The company saw record growth over the holidays, with a 70% increase in overall transactions year over year, including an almost 120% increase in international transactions. A majority of those transactions -- 80% -- took place on a mobile platform, which bodes well for the company's efforts to ramp up mobile offerings.

A bleak third quarter

MoneyGram's 2019 third-quarter report showed declining revenue year over year. Revenue has been steadily decreasing since a high in 2017, and the company has been urgently changing operations to stem the bleeding. It recently lowered international pricing and repositioned marketing efforts, which has resulted in a higher number of transactions.

On another bright note, MoneyGram instituted some cost-cutting measures that lowered its non-commission expenses by 13% and compensation and benefits by 19%.

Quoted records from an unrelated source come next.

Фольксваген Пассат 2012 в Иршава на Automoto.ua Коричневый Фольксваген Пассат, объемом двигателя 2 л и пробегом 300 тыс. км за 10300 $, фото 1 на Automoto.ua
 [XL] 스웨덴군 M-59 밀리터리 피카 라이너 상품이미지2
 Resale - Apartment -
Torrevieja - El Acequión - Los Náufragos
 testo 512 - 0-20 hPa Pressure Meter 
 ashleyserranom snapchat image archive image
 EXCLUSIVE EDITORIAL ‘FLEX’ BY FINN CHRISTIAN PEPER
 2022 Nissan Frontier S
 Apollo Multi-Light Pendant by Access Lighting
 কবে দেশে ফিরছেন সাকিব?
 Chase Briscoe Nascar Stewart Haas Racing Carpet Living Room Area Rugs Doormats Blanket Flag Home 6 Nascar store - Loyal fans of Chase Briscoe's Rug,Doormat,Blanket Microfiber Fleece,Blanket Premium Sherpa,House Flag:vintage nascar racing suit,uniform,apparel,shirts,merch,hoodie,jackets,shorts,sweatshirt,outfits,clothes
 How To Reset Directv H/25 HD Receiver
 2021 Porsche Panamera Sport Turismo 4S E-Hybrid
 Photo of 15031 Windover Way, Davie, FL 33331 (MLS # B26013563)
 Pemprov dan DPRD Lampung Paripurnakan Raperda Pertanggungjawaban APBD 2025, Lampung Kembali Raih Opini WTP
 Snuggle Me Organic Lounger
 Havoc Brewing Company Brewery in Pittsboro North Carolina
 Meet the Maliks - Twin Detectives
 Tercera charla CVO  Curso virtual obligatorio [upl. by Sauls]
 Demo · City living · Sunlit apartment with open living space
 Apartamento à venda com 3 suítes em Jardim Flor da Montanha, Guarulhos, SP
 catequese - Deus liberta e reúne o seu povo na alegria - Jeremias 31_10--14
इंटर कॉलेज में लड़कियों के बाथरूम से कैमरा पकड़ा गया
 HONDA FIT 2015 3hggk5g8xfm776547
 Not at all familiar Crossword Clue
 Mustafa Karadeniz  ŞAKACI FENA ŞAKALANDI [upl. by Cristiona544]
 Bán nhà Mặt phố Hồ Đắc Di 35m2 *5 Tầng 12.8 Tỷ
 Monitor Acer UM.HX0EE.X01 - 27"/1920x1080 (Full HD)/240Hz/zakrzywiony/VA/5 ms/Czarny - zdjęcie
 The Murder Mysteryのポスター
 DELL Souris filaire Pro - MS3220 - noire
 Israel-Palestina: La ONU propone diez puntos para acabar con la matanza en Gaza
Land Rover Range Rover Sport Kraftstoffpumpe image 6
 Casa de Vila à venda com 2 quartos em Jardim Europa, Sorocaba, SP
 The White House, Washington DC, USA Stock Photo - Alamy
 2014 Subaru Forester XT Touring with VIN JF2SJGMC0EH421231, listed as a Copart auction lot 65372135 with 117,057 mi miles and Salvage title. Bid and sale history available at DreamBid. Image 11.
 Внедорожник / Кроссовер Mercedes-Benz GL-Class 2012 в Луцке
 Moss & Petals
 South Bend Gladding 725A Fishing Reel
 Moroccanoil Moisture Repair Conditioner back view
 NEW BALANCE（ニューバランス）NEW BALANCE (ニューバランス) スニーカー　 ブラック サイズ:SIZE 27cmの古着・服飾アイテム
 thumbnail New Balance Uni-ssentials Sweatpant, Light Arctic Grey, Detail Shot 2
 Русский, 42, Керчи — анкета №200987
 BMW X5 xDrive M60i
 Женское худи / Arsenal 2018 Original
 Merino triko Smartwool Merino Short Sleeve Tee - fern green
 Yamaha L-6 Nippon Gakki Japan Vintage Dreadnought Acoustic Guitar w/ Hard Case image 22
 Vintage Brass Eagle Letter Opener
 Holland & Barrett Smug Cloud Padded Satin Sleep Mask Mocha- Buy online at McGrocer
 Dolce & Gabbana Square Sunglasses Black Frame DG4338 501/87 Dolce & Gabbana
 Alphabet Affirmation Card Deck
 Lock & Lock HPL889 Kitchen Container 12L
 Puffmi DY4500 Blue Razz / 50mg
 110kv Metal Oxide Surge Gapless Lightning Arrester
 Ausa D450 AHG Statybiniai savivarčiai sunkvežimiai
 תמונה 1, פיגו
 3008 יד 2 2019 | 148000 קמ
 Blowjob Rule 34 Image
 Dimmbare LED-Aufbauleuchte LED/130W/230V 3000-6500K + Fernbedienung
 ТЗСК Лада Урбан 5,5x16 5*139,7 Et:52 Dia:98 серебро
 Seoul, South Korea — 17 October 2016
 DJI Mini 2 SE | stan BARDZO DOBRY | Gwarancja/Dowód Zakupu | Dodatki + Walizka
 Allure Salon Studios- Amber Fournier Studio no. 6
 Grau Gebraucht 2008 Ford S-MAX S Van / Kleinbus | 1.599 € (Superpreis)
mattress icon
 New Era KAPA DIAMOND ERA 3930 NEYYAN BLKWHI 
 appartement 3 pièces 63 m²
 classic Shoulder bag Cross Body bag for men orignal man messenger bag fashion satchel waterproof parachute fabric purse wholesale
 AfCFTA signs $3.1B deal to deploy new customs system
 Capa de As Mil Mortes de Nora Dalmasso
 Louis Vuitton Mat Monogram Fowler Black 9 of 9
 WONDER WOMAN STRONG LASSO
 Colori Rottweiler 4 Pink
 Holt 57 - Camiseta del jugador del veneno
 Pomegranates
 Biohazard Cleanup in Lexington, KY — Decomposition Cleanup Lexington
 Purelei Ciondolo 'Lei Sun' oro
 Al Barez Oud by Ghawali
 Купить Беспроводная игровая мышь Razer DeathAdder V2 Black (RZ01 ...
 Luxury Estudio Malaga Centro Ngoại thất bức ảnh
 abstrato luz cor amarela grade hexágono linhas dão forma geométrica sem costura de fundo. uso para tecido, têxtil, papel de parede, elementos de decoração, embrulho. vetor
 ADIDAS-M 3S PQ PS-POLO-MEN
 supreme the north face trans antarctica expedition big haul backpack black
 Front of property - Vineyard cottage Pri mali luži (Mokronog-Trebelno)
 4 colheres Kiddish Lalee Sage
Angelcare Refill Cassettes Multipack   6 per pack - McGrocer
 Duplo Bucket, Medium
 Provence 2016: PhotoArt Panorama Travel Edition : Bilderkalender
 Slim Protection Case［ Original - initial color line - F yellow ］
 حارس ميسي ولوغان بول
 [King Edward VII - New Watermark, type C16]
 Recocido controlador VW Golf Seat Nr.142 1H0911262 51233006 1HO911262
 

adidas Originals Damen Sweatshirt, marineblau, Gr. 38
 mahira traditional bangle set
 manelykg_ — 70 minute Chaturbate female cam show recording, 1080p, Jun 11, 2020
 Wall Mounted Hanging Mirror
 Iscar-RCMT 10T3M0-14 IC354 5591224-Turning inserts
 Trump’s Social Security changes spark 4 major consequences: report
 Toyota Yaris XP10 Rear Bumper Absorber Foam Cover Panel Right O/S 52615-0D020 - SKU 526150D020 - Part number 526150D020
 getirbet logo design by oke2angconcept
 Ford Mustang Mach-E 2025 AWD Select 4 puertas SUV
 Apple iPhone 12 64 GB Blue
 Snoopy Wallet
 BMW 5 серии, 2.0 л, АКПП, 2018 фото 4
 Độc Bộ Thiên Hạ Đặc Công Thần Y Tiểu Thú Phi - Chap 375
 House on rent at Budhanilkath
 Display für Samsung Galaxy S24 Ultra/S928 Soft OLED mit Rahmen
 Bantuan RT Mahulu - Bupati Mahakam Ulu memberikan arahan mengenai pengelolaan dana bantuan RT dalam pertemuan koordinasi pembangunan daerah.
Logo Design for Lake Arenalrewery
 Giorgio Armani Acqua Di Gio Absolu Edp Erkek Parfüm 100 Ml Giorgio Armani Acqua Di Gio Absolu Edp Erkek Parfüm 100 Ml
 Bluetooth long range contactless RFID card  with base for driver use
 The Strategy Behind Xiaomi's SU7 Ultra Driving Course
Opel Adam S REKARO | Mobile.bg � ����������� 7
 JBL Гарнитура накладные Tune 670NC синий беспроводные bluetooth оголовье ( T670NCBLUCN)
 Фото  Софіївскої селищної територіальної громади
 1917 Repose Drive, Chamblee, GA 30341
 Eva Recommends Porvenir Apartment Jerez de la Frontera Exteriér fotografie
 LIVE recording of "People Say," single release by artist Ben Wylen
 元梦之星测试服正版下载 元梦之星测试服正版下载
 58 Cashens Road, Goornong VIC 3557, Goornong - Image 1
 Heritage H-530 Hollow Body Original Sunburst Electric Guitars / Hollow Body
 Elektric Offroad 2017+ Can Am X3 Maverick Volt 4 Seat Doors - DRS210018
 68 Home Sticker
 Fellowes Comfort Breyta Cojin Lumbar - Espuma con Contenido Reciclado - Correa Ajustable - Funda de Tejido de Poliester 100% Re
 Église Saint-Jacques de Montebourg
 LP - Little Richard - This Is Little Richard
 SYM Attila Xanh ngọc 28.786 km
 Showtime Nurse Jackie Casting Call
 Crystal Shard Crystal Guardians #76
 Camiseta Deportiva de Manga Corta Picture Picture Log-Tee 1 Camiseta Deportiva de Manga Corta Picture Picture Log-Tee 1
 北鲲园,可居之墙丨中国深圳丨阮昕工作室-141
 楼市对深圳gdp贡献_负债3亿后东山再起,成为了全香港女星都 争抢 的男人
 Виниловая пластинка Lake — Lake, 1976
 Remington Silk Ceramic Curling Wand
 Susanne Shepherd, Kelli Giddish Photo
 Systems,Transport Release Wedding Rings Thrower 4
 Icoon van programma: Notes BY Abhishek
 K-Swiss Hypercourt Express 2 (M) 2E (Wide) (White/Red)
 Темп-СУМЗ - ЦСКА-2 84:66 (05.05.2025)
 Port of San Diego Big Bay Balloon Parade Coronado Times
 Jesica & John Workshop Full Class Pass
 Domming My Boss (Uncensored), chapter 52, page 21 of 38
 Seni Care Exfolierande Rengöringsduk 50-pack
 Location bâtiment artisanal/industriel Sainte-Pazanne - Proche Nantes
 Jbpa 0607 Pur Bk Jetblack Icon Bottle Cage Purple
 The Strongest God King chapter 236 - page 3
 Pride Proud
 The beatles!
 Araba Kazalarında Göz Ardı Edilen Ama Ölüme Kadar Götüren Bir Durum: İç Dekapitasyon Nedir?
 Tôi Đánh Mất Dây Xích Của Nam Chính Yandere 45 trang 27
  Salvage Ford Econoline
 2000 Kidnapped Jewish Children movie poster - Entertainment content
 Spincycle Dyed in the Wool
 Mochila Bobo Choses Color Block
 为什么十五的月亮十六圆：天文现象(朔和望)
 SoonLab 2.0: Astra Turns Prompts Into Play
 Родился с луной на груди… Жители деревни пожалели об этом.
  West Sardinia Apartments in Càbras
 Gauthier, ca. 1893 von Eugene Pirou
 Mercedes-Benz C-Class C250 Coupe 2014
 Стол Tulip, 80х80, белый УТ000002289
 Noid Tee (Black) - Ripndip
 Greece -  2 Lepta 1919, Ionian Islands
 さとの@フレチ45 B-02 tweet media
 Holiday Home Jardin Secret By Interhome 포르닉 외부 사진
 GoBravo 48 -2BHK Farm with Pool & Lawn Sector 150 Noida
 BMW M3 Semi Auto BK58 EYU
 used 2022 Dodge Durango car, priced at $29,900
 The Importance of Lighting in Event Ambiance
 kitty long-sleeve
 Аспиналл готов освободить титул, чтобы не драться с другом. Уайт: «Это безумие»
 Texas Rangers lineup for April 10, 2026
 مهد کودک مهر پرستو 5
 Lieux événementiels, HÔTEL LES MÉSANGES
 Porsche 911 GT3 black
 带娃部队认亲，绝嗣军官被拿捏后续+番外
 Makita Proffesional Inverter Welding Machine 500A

Growing through the next decade

With fintechs and banks moving online, there is tremendous opportunity for the company to grow in new ways, but there's also competition. For example, Zelle can move money between U.S. bank accounts at no cost. That's one of the reasons MoneyGram is seeing higher growth internationally, where moving money between countries is more challenging and riskier.

That said, the company has been investing in partnerships to reinvigorate its business, and that's the right move. In short, it's doing what it needs to. But while I wouldn't suggest buying into this company just yet, it's one to monitor. At the current price, if the financials improve, it could be a great opportunity.